→ TASK
All records are to be reproduced verbatim, with images omitted.

----- ENTRIES PROVIDED -----

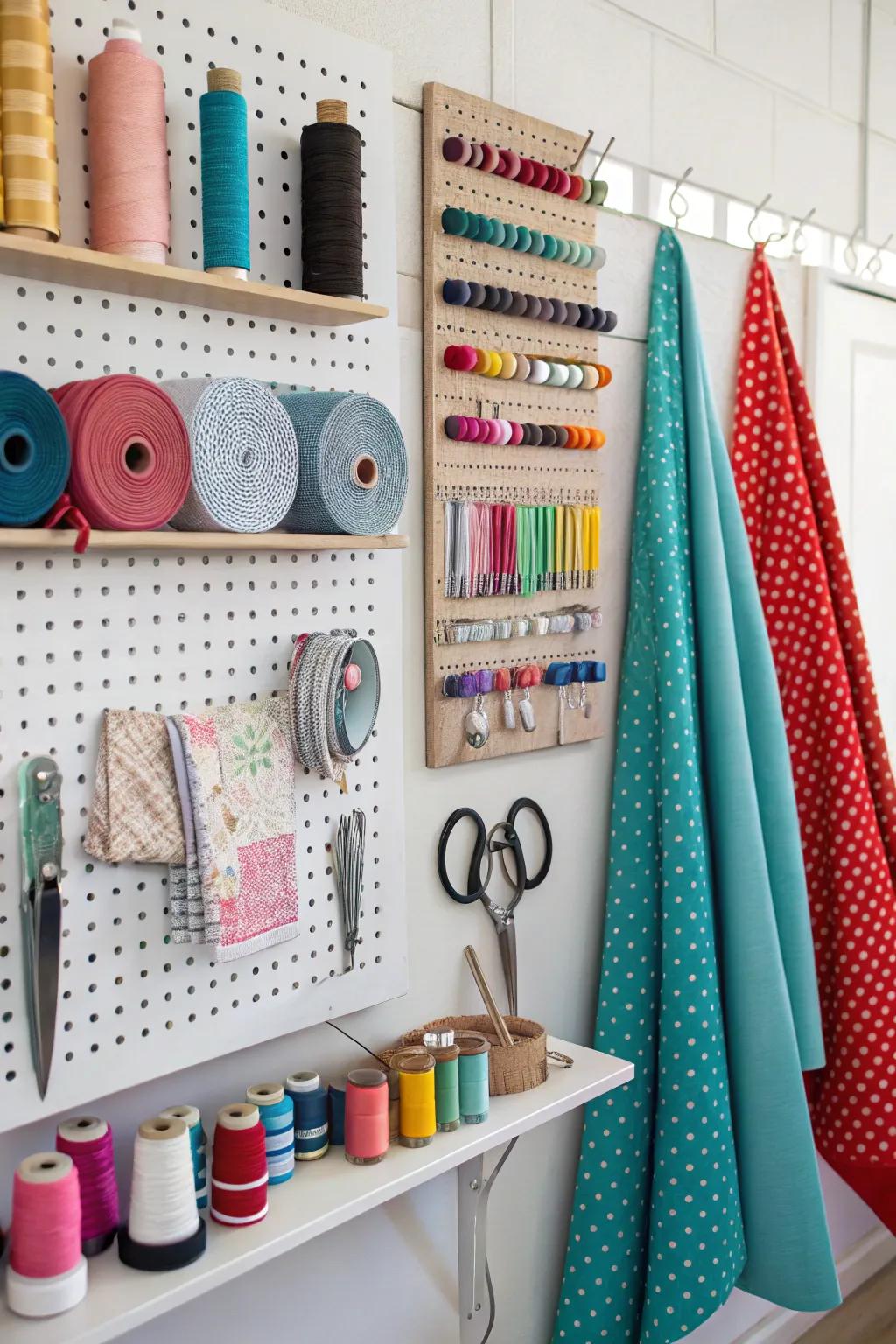 A crafting item wall transforms organization into artwork.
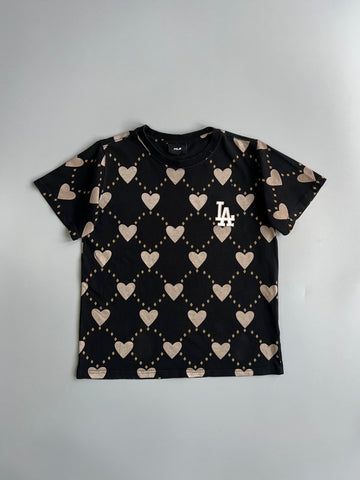 MLB Korea | LA Dodgers All-Over Heart Print T- shirt (S)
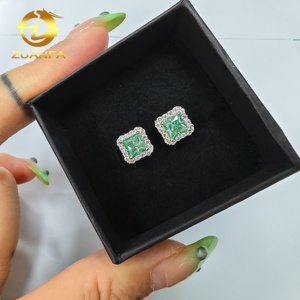 Splendida Selezione <span class=keywords><strong>di</strong></span> Gioielli in Moissanite Blu-Verde, Collana Tennis con Smeraldo 6*8mm, Catena in Moissanite con Taglio <span class=keywords><strong>Fantasia</strong></span> Asscher - Product Image 5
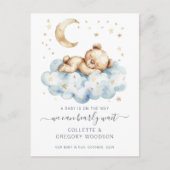 Wir können Teddybären auf Wolkenschwangerschaft fr Ankündigungspostkarte (Vorderseite)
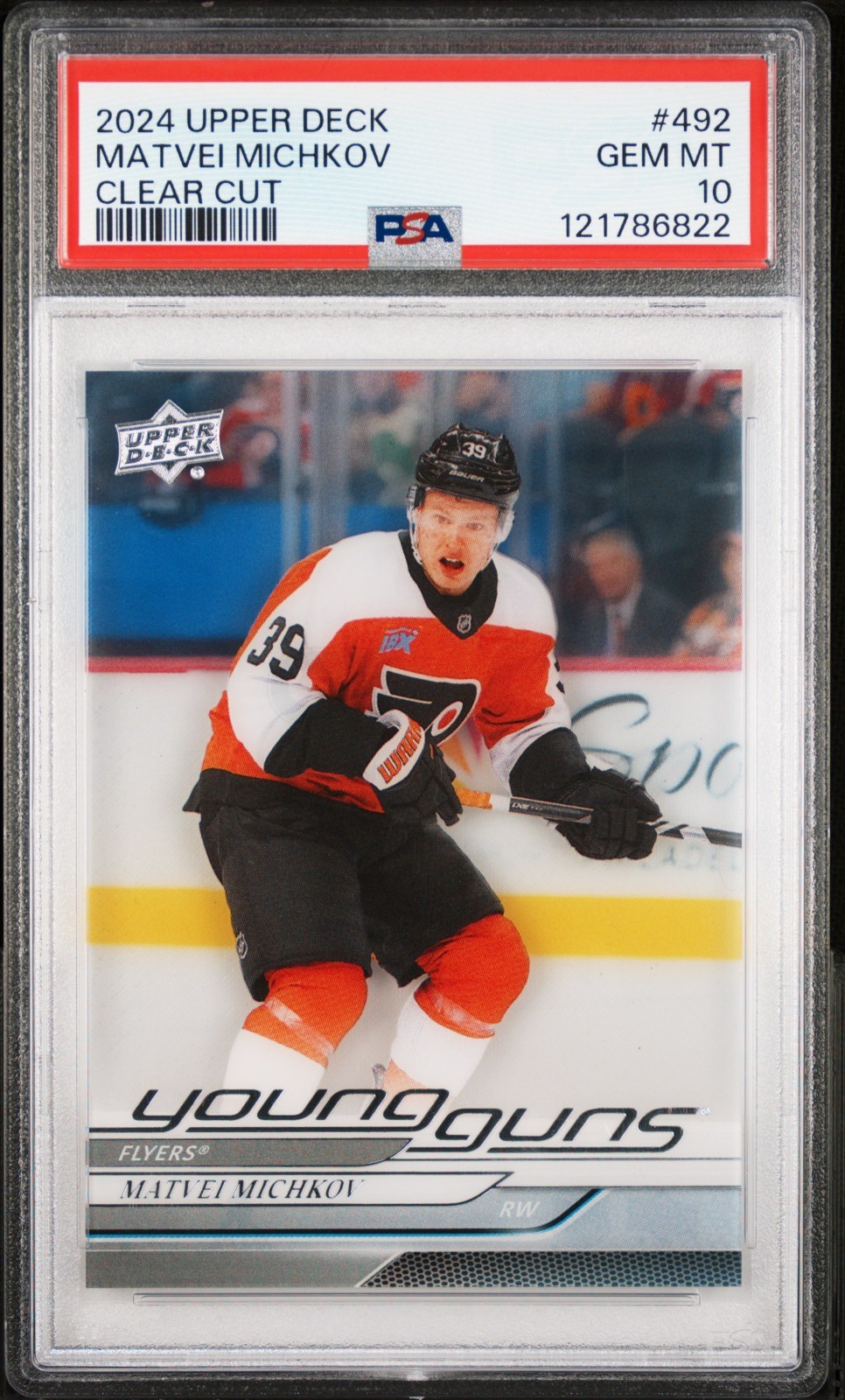 2024-25 Upper Deck Matvei Michkov Young Guns CLEAR CUT #492 GEM MT PSA 10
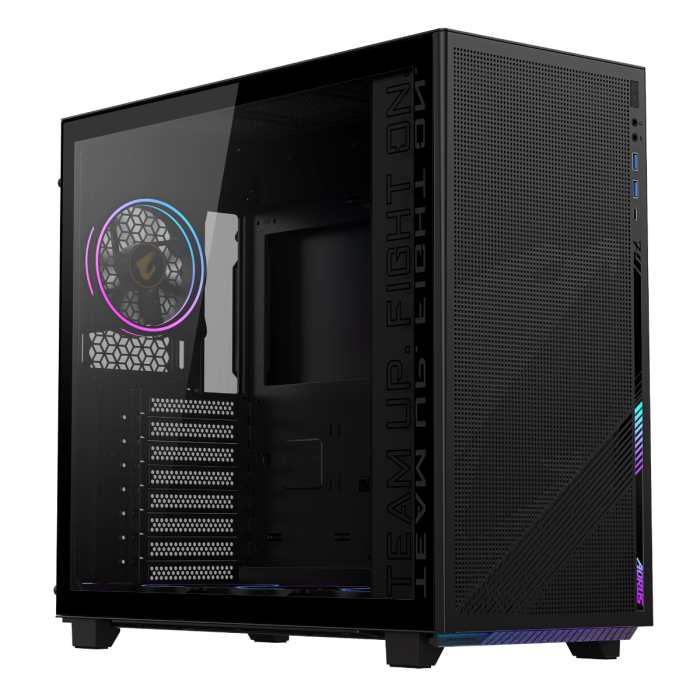 Gigabyte AORUS C400 GLASS USB-C USB 3.2 Gen2 ATX AORUS RGB osvetljeno ohišje, crno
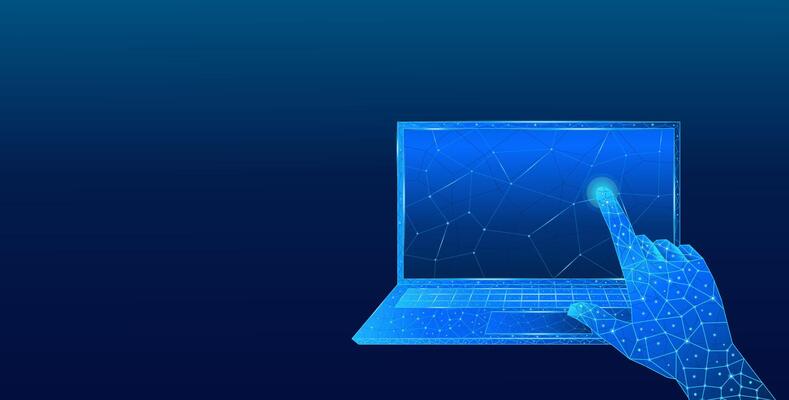 Index finger clicking on a technological blue digital laptop screen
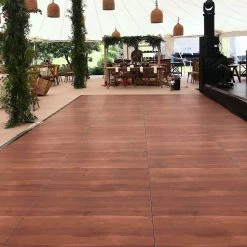 Dark Maple Snaplock Dance Floor Set - Easy Assembly, Portable With Edging & Transport Cart! - 36" X 36" Tiles -Event Decoration Sales Shop EDD Snaplock Slate Dark Maple 36x36 03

-----

→ ANSWER AREA
 A crafting item wall transforms organization into artwork.
 MLB Korea | LA Dodgers All-Over Heart Print T- shirt (S)
 Splendida Selezione <span class=keywords><strong>di</strong></span> Gioielli in Moissanite Blu-Verde, Collana Tennis con Smeraldo 6*8mm, Catena in Moissanite con Taglio <span class=keywords><strong>Fantasia</strong></span> Asscher - Product Image 5
 Wir können Teddybären auf Wolkenschwangerschaft fr Ankündigungspostkarte (Vorderseite)
 2024-25 Upper Deck Matvei Michkov Young Guns CLEAR CUT #492 GEM MT PSA 10
 Gigabyte AORUS C400 GLASS USB-C USB 3.2 Gen2 ATX AORUS RGB osvetljeno ohišje, crno
 Index finger clicking on a technological blue digital laptop screen
 Dark Maple Snaplock Dance Floor Set - Easy Assembly, Portable With Edging & Transport Cart! - 36" X 36" Tiles -Event Decoration Sales Shop EDD Snaplock Slate Dark Maple 36x36 03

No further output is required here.